# Platinum Basket for cupellation



## goldandsilver123 (Dec 4, 2016)

Hello everyone,

I've been waiting to do this for a long time, and finally a company ordered one, a platinum basket for cupellation. I posted the platinum bars at the Platinum, Palladium, Rhodium, Iridium, Osmium, & Ruthenium section.

The cups are removable, everything is made with almost pure platinum (from an old beaten basket, it has 1,5% gold, because the company didn't want to refine further), don't know if a platinum-rhodium alloy would be better, it's only immersed in nitric and has to withstand 900 °C which pure platinum does.

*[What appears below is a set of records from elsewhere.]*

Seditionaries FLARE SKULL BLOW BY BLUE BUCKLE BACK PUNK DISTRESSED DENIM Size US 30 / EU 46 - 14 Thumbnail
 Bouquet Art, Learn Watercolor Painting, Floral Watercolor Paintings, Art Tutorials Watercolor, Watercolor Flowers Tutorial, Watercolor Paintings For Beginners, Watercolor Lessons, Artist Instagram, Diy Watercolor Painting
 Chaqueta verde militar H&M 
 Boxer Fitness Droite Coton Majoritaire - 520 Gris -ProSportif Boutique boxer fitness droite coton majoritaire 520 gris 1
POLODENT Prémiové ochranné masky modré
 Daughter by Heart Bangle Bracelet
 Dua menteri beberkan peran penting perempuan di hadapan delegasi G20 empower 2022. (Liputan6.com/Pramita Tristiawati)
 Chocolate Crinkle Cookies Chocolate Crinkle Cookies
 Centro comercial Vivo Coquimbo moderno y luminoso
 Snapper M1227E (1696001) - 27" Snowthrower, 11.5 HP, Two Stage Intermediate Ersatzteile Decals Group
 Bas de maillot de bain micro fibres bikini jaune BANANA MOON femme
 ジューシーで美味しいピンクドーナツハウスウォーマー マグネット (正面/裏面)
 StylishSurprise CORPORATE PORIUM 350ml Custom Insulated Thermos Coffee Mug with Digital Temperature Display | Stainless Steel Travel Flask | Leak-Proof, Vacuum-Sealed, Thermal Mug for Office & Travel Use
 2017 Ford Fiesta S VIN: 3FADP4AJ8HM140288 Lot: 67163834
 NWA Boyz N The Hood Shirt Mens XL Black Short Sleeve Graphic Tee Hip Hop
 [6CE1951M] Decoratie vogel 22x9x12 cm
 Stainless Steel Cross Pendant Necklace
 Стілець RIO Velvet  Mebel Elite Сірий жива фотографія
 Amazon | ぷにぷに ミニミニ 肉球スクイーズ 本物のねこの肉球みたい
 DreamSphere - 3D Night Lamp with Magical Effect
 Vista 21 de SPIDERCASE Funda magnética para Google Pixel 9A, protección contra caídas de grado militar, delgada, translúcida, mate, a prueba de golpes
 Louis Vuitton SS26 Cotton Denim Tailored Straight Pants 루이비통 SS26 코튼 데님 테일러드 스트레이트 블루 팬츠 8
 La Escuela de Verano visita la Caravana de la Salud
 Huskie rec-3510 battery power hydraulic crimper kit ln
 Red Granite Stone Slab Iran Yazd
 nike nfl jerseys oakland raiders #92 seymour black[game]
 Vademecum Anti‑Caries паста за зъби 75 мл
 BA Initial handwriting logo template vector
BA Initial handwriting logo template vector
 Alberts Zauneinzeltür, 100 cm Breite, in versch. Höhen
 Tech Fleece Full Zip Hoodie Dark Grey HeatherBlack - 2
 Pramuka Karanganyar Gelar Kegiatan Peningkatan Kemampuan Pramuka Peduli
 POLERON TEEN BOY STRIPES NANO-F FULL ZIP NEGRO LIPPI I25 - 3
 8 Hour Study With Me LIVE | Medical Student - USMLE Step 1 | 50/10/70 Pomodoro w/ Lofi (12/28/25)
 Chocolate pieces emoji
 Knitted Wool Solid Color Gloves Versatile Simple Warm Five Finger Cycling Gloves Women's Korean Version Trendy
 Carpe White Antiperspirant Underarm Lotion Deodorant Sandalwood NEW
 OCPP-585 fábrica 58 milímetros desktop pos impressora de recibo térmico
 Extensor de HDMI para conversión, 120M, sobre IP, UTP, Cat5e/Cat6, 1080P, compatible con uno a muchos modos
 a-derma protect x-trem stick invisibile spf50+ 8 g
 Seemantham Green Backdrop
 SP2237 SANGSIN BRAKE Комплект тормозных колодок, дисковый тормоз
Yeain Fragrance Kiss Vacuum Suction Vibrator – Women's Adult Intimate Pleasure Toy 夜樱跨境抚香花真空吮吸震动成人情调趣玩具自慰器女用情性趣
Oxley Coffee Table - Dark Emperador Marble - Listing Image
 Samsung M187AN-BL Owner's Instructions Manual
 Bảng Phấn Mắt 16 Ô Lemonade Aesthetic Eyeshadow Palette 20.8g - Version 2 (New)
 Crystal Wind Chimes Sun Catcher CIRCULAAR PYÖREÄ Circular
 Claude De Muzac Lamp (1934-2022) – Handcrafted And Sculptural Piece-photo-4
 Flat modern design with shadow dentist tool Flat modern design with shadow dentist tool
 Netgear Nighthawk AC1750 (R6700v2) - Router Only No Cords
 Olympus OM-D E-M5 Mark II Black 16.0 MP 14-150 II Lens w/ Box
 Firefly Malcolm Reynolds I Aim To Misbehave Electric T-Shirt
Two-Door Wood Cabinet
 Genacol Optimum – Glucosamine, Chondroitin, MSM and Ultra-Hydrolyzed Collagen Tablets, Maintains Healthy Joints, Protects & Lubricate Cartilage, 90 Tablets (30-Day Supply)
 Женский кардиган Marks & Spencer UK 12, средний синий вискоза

The solder used was 90% Au 10% Pt.

Here are the pictures:






Every bit of platinum: Basket, cups, filings, left overs:


----------



## anachronism (Dec 5, 2016)

That's pretty darned good Chris.


----------



## Lou (Dec 5, 2016)

Beautiful work!

I don't know if I would have even brazed it--the stuff TIG welds and flame welds so nice. 

That's what I love about platinum. The ease with which you can hand work it is probably greater than any other metal. 

Need to join it? It resistance welds awesome. It welds any which way period. It rolls great. It draws great. Need to clean it up prior to joining? Dilute aqua regia or hot sulfuric, or even hot KOH (to remove silica etc.), HF etc. 

Only thing it doesn't do very well is machine! Gummy stuff.


----------